Professionelle Regeln legen eine maximale Länge und ein maximales Gewicht für Darts fest, obwohl übliche Sätze deutlich leichter als die erlaubte Grenze sind. Häufig verwendete Steel-Darts wiegen etwa 20 bis 26 Gramm. Beim Soft-Dart nutzt man meist leichtere Modelle, weil ein zu schwerer Dart die Kunststoffsegmente des Automaten beschädigen könnte.

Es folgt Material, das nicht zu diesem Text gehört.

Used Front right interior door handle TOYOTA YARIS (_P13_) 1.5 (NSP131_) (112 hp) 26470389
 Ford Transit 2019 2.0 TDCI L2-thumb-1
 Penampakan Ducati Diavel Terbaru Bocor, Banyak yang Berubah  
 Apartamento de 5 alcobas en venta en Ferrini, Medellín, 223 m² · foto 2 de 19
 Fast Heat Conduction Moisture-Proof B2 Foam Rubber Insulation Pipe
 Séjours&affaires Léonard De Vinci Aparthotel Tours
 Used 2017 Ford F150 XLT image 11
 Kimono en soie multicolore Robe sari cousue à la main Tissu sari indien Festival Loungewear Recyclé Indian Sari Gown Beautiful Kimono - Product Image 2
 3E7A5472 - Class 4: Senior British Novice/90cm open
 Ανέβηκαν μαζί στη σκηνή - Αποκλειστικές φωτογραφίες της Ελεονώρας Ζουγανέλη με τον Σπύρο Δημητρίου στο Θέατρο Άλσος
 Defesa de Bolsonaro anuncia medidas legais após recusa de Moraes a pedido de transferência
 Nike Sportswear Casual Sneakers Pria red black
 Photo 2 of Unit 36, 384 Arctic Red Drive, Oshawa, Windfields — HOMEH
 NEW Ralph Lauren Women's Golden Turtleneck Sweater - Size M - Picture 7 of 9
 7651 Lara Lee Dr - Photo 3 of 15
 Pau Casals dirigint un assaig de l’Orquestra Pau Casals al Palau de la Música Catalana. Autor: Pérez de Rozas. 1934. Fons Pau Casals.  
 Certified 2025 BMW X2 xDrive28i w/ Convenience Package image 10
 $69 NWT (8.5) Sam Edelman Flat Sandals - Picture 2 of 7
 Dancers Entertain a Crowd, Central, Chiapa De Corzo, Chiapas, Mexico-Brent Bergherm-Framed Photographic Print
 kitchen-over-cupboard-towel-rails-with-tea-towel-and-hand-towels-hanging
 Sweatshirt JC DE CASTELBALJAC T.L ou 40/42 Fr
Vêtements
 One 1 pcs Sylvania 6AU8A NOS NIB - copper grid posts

Interessant ist auch die Geschichte des Wortes „Oche“ für die Abwurflinie. Früher wurde die Schreibweise „hockey“ verwendet, während sich die heutige Form erst im 20. Jahrhundert verbreitete. Eine beliebte Legende verbindet den Namen mit einer bestimmten Brauerei und der Länge nebeneinandergestellter Bierkisten. Sie ist anschaulich, wurde jedoch nicht zuverlässig bestätigt.
Eine Dartscheibe sollte regelmäßig gedreht werden. Dazu wird der Metallring mit den Zahlen abgenommen und die Scheibe so versetzt, dass das besonders stark beanspruchte 20er-Feld an eine andere Stelle gelangt. Auf diese Weise verteilt sich der Verschleiß gleichmäßiger und die Scheibe bleibt länger in gutem Zustand. Moderne Sisalscheiben sollten nicht gewässert werden, da Feuchtigkeit sie verformen und die Verbindung der Fasern schwächen kann.
Darts heute
Das moderne Darts hat viele Elemente bewahrt, die vor fast hundert Jahren festgelegt wurden: die Scheibe in Uhrenanordnung, drei Darts pro Aufnahme, die Oche-Linie und ein Spielprinzip, bei dem Punkte exakt heruntergezählt werden. Gleichzeitig hat sich die Sportart von einem lokalen Pubvergnügen zu einem Wettbewerb entwickelt, der in großen Arenen ausgetragen und weltweit übertragen wird.
Seine Stärke liegt in der besonderen Verbindung von Zugänglichkeit und Schwierigkeit. Fast jeder kann einen ersten Dart werfen, und die Grundregeln lassen sich in wenigen Minuten erklären. Regelmäßig die schmalen Doppel- und Triplefelder zu treffen, erfordert jedoch Tausende Wiederholungen, eine stabile Technik, Konzentration, mentale Widerstandskraft und schnelles Rechnen.
Darts kann zu Hause auf kleinem Raum trainiert werden und ermöglicht zugleich umfangreiche Ligen und professionelle Turniere. Elektronische Zähler, Apps, Kameras und Online-Spiele haben dazu geführt, dass Spieler auch über große Entfernungen gegeneinander antreten können. Die Geschichte dieser Sportart zeigt, dass großer Sport nicht immer im Stadion beginnt. Beim Darts waren kleine Pubs, lokale Handwerker, Brauereiligen, Zeitungen, Ausrüstungshersteller und das Fernsehen entscheidend. Aus einfachen Würfen auf ein Holzziel entstand eine Sportart mit präzisen Maßen, ausführlichen Regeln und eigenen Weltmeisterschaften, die bis heute die Atmosphäre unmittelbarer Konkurrenz bewahrt.